Prove that a finite Abelian group $G$ is not cyclic if and only if it contains a subgroup isomorphic to $\mathbb{Z}_p\times\mathbb{Z}_p$.
I am aware an answer exists here. I have been trying to work through the proof step by step and am running into some issues.
The reverse case is easy. Clearly if $G$ contains a subgroup $H$ isomorphic to $\mathbb{Z}_p\times\mathbb{Z}_p$, (where $p$ is prime) it follows that $G$ cannot be cyclic, since every subgroup of a cyclic group is cyclic, and $H$ cannot be cyclic if it is isomorphic to $\mathbb{Z}_p\times\mathbb{Z}_p$. The other direction is proving to be very challenging for me.

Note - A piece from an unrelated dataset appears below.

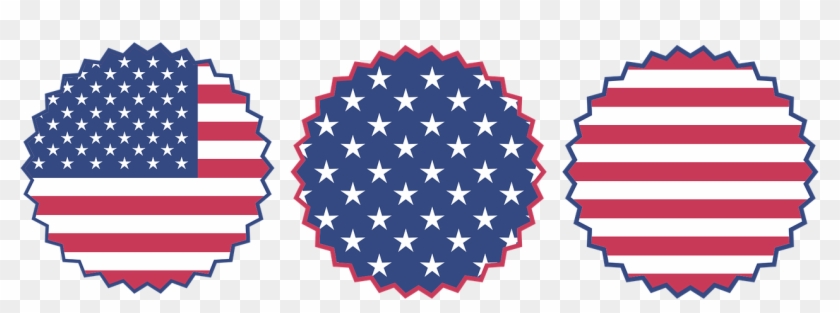 Day,patriotic,fourth Clipart #1899418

Suppose that $G$ is not cyclic. Since $G$ is finite, it is finitely generated and so, it is isomorphic to a group of the form $$\mathbb{Z}_{p_1^{r_1}}\times\mathbb{Z}_{p_2^{r_2}}\times...\times\mathbb{Z}_{p_n^{r_n}}.$$ $p_i=p_j$ for some $i,j$ with $i\neq j$, since otherwise $\mathbb{Z}_{p_1^{r_1}}\times\mathbb{Z}_{p_2^{r_2}}\times...\times\mathbb{Z}_{p_n^{r_n}}$ would be cyclic (and so too $G$ by existence of an isomorphism between the two). Without loss of generality, I assume that $i=1,j=2$. I am having trouble finding a subgroup isomorphic to $\mathbb{Z}_{p_1}\times\mathbb{Z}_{p_2}$. Clearly the set of elements of the form $(a_1,a_2,0,...,0)$ with $a_1<p_1^{r_1}$, and $a_2<p_2^{r_2}$ is a subgroup isomorphic to $\mathbb{Z}_{p_1^{r_1}}\times\mathbb{Z}_{p_2^{r_2}}$, by means of the isomorphism $\phi:\mathbb{Z}_{p_1^{r_1}}\times\mathbb{Z}_{p_2^{r_2}}\to\mathbb{Z}_{p_1^{r_1}}\times\mathbb{Z}_{p_2^{r_2}}\times\{0\}\times...\times\{0\}$, with $\phi:(a,b)\mapsto(a,b,0,...,0)$. However, I'm not sure how to use this kind of logic to find a subgroup isomorphic to $\mathbb{Z}_{p_1}\times\mathbb{Z}_{p_2}$.
A nudge in the right direction would be very much appreciated.